Segment Start: Supplied information

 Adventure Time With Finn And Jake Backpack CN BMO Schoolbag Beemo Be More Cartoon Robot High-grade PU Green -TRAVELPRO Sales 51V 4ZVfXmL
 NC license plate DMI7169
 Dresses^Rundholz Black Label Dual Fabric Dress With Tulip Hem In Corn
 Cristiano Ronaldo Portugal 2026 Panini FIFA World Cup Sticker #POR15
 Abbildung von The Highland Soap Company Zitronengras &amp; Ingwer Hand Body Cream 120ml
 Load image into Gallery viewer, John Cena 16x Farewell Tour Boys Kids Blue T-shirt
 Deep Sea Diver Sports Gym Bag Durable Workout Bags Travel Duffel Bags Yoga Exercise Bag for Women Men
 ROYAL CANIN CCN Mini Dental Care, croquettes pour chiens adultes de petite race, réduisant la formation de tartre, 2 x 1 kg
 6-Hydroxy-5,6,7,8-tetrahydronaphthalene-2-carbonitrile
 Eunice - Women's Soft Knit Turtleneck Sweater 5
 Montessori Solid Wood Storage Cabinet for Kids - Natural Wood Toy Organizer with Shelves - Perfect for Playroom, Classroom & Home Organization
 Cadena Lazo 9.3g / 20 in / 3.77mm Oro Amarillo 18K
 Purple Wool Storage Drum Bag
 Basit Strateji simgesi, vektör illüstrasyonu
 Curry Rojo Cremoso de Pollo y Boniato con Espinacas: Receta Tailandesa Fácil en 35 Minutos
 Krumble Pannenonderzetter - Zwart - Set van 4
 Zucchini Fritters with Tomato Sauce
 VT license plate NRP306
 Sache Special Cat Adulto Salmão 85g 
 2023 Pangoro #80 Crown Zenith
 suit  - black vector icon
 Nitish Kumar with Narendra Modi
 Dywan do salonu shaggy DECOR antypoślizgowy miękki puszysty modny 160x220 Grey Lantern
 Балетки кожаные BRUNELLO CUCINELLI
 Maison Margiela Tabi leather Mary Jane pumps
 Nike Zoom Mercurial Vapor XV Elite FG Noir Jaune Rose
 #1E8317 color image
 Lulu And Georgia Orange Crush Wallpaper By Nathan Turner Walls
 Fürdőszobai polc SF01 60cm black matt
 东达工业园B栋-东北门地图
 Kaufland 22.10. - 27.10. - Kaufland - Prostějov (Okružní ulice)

Segment End: Supplied information

§ How to complete this task
Your response should consist of the listing, reproduced exactly.

§ Task output
 Adventure Time With Finn And Jake Backpack CN BMO Schoolbag Beemo Be More Cartoon Robot High-grade PU Green -TRAVELPRO Sales 51V 4ZVfXmL
 NC license plate DMI7169
 Dresses^Rundholz Black Label Dual Fabric Dress With Tulip Hem In Corn
 Cristiano Ronaldo Portugal 2026 Panini FIFA World Cup Sticker #POR15
 Abbildung von The Highland Soap Company Zitronengras &amp; Ingwer Hand Body Cream 120ml
 Load image into Gallery viewer, John Cena 16x Farewell Tour Boys Kids Blue T-shirt
 Deep Sea Diver Sports Gym Bag Durable Workout Bags Travel Duffel Bags Yoga Exercise Bag for Women Men
 ROYAL CANIN CCN Mini Dental Care, croquettes pour chiens adultes de petite race, réduisant la formation de tartre, 2 x 1 kg
 6-Hydroxy-5,6,7,8-tetrahydronaphthalene-2-carbonitrile
 Eunice - Women's Soft Knit Turtleneck Sweater 5
 Montessori Solid Wood Storage Cabinet for Kids - Natural Wood Toy Organizer with Shelves - Perfect for Playroom, Classroom & Home Organization
 Cadena Lazo 9.3g / 20 in / 3.77mm Oro Amarillo 18K
 Purple Wool Storage Drum Bag
 Basit Strateji simgesi, vektör illüstrasyonu
 Curry Rojo Cremoso de Pollo y Boniato con Espinacas: Receta Tailandesa Fácil en 35 Minutos
 Krumble Pannenonderzetter - Zwart - Set van 4
 Zucchini Fritters with Tomato Sauce
 VT license plate NRP306
 Sache Special Cat Adulto Salmão 85g 
 2023 Pangoro #80 Crown Zenith
 suit  - black vector icon
 Nitish Kumar with Narendra Modi
 Dywan do salonu shaggy DECOR antypoślizgowy miękki puszysty modny 160x220 Grey Lantern
 Балетки кожаные BRUNELLO CUCINELLI
 Maison Margiela Tabi leather Mary Jane pumps
 Nike Zoom Mercurial Vapor XV Elite FG Noir Jaune Rose
 #1E8317 color image
 Lulu And Georgia Orange Crush Wallpaper By Nathan Turner Walls
 Fürdőszobai polc SF01 60cm black matt
 东达工业园B栋-东北门地图
 Kaufland 22.10. - 27.10. - Kaufland - Prostějov (Okružní ulice)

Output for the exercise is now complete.